5. 5 million years, , 80 million years to 100 million years are very very short terms compared to these estimates. Analysis of the geochemical outputs of of volcanic eruption products , may be basically scaratching the surface , but is a good starting point. Theory needs to precede experimaents.
6. Edge driven convection is just one force. Are there others driving volcanic activity” Also, 5000 Km stretch of Australian Coast…..? Maybe different stokes for different folks applies as the lithosphere and asthenosphere may differ over the different planetary stretches as :
(a) The earths crust may be different (thinner, Thicker) , as can also the temperatures and Pressures prevailing in the Asthenosphere and Lithosphere ….. and driving the catostrophic events. So lumping it together may mislead.
(b) Physics of Planetary Forces and their interaction with Gravitation Forces at equilibrium with the Sun, other Planets in the solar system, and the stars in the galaxy, the galaxy’s in the milky way, the unkown forces like undiscovered planets and other planetary bodies, dark matter, countless stars in the Universe and Multiverse needs to be understood and has to determined using data , without making the assumptions we constantly make which could be misleading. We have always assumed hat these are negligible. Not so sure.
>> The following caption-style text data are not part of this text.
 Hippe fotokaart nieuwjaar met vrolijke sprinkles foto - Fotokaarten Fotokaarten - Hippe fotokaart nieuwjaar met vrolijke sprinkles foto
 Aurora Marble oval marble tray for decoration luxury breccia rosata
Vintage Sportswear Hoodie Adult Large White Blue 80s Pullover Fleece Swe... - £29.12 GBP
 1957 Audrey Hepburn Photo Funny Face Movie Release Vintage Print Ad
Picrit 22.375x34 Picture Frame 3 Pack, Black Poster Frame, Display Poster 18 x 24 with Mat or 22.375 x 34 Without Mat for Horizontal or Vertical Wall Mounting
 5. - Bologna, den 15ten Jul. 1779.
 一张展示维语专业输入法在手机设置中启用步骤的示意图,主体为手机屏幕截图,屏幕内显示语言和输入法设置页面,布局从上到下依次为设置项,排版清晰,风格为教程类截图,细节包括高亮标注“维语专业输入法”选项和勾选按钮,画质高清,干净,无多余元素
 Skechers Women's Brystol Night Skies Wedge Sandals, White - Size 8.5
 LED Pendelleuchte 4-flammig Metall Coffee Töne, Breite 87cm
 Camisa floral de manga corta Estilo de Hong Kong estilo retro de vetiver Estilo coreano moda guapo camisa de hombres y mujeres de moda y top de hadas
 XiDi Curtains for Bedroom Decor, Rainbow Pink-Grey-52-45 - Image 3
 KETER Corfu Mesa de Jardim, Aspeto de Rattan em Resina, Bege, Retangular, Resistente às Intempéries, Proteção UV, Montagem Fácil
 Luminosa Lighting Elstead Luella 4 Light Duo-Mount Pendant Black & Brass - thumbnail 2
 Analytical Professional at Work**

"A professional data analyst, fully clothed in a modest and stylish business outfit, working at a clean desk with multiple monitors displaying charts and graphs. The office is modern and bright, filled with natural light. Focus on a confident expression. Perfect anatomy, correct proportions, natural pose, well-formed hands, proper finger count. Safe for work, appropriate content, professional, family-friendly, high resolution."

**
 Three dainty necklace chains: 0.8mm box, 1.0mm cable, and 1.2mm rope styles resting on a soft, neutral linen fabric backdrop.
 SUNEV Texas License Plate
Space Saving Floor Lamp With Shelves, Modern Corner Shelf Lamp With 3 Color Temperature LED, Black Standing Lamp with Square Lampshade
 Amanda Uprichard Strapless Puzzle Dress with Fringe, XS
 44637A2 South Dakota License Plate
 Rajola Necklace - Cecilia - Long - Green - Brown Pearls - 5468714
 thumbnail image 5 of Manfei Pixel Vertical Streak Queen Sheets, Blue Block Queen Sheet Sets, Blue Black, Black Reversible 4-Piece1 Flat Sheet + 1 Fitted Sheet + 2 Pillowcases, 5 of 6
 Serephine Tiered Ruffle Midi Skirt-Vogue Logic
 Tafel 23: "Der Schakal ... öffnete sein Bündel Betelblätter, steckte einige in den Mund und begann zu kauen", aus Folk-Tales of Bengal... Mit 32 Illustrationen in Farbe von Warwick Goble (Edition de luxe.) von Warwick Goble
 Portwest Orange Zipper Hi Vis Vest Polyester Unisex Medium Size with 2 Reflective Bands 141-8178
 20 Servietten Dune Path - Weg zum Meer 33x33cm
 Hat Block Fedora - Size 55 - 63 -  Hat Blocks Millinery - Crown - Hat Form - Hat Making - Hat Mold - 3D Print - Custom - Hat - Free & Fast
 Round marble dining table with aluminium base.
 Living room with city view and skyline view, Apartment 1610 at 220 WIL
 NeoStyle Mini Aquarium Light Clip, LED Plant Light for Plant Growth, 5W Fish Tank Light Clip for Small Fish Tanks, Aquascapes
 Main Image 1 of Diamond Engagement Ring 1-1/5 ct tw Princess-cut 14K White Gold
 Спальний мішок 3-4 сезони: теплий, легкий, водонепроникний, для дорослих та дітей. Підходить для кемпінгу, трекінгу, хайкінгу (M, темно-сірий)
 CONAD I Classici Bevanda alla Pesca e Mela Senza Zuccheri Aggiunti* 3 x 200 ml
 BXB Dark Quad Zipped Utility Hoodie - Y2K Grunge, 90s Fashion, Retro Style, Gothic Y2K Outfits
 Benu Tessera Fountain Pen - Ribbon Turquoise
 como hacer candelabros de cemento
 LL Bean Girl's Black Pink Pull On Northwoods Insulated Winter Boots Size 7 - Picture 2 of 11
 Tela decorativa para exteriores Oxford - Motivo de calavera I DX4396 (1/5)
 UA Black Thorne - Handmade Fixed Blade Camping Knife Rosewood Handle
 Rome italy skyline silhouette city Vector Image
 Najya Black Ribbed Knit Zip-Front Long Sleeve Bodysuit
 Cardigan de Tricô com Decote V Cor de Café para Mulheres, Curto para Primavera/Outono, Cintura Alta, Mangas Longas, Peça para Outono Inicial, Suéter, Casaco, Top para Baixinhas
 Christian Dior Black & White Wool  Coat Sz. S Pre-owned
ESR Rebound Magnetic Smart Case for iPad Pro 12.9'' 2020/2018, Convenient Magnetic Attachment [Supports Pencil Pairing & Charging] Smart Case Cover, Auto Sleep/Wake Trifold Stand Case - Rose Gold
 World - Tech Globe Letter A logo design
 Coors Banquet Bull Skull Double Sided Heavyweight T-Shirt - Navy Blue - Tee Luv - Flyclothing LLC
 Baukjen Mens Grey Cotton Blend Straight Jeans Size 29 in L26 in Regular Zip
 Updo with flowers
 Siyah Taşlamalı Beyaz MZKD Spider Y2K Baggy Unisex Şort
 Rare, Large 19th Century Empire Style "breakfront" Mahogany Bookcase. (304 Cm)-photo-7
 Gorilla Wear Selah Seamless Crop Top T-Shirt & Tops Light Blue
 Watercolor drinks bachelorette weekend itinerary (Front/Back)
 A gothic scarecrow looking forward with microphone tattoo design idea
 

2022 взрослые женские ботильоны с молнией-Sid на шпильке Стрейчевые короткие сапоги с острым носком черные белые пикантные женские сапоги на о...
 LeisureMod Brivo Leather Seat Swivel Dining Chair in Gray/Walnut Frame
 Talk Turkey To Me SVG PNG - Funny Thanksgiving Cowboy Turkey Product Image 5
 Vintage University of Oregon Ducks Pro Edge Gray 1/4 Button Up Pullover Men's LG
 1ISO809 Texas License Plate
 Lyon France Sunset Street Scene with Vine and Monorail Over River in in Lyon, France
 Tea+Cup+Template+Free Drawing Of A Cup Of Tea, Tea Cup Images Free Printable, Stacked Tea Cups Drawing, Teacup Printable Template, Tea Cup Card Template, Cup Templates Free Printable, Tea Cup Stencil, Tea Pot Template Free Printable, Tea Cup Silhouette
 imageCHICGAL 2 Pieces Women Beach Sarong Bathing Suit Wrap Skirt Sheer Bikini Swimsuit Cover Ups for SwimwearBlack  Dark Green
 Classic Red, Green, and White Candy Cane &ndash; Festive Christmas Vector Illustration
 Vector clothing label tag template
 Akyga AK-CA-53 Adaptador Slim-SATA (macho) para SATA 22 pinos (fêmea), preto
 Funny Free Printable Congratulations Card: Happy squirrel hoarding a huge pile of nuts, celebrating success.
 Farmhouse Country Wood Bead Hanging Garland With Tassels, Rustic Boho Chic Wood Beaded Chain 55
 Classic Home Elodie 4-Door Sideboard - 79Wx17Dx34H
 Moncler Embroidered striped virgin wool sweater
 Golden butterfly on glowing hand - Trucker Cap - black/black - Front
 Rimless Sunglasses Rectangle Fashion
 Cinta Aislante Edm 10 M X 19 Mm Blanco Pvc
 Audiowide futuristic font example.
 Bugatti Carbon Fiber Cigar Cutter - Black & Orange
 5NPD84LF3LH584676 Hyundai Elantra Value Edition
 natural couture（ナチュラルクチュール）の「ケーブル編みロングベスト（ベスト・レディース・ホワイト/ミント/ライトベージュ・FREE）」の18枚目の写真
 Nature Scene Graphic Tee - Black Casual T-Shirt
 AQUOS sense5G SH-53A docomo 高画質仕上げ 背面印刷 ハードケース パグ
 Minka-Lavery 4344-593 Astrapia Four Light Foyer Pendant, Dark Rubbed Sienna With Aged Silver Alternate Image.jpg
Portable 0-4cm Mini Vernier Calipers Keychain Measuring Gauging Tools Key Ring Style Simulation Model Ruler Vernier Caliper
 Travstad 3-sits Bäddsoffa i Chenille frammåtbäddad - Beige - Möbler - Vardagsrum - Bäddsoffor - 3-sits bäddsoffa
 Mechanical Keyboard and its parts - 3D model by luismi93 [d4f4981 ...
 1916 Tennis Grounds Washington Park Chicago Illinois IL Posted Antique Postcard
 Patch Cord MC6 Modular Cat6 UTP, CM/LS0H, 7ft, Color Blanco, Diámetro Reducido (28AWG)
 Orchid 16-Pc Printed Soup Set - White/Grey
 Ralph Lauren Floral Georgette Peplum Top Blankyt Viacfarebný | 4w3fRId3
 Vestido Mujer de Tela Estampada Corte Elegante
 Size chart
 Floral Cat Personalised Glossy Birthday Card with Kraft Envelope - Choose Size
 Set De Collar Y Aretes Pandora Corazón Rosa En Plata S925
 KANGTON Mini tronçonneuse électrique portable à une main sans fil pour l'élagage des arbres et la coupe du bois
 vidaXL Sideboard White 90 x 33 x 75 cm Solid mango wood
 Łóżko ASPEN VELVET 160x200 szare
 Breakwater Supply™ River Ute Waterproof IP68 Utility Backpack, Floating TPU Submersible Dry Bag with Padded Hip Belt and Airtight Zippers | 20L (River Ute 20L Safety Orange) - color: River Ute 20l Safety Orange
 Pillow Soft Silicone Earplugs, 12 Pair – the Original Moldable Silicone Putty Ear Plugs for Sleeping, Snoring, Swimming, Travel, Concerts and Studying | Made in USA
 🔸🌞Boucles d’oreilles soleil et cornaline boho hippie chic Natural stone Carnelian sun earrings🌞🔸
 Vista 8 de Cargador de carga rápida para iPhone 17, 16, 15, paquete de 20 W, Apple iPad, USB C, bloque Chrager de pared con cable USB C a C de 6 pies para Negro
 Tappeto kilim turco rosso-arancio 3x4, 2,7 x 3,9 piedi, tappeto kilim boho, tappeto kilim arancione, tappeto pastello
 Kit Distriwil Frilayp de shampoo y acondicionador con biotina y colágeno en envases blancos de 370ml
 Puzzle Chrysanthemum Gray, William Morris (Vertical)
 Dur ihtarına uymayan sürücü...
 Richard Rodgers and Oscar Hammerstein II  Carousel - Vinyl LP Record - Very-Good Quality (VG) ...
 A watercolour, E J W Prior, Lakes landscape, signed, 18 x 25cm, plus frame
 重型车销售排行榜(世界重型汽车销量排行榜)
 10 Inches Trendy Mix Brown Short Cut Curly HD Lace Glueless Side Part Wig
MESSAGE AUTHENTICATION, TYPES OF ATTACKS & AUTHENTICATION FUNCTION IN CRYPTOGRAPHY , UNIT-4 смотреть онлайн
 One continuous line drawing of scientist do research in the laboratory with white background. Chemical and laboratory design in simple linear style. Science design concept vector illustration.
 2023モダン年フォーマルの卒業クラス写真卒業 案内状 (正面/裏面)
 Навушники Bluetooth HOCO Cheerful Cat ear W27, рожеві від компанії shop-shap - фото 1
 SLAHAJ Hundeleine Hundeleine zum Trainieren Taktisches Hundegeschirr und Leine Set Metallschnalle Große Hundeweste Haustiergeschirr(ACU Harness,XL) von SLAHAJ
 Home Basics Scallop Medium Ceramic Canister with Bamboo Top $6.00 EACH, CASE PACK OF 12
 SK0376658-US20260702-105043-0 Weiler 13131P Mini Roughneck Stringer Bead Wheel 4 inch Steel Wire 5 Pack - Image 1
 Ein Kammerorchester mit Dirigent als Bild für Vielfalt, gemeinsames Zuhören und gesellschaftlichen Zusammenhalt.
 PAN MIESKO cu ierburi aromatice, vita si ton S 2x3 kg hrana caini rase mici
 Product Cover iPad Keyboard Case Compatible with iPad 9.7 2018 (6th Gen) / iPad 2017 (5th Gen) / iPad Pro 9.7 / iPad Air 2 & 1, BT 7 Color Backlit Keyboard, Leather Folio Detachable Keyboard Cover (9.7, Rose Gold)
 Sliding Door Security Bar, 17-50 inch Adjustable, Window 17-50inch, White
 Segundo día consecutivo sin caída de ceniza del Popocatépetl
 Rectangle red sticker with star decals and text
(7) Chemical Signatures for msntle domain needs to be coupled with te temperatures , pressures, of the meting points of elements, the molecules constituting these environments and also quantum chemistry and quantum physics at the sun-atomic level and Mass & energy interactions at the Gross level where these are occurring. This is because these could approach the forces happenning in the sun and fusion deep within the Core ofthe rocky planet where molten lava (liquid) and Gaseous matter may be building up forces needs to be better understood.
(8) Jupiter which is a gaseous planet may give some clues on these at the gaseous level. Get accurate data at Solar system level and analyse in light of (6) above. Then Syntheise a Theory of Volvcanic activity and Theory of Earthquakes at Planetary level and forecast accuarately.
All views expressed are persoal and not binding on anyone. Best of luck.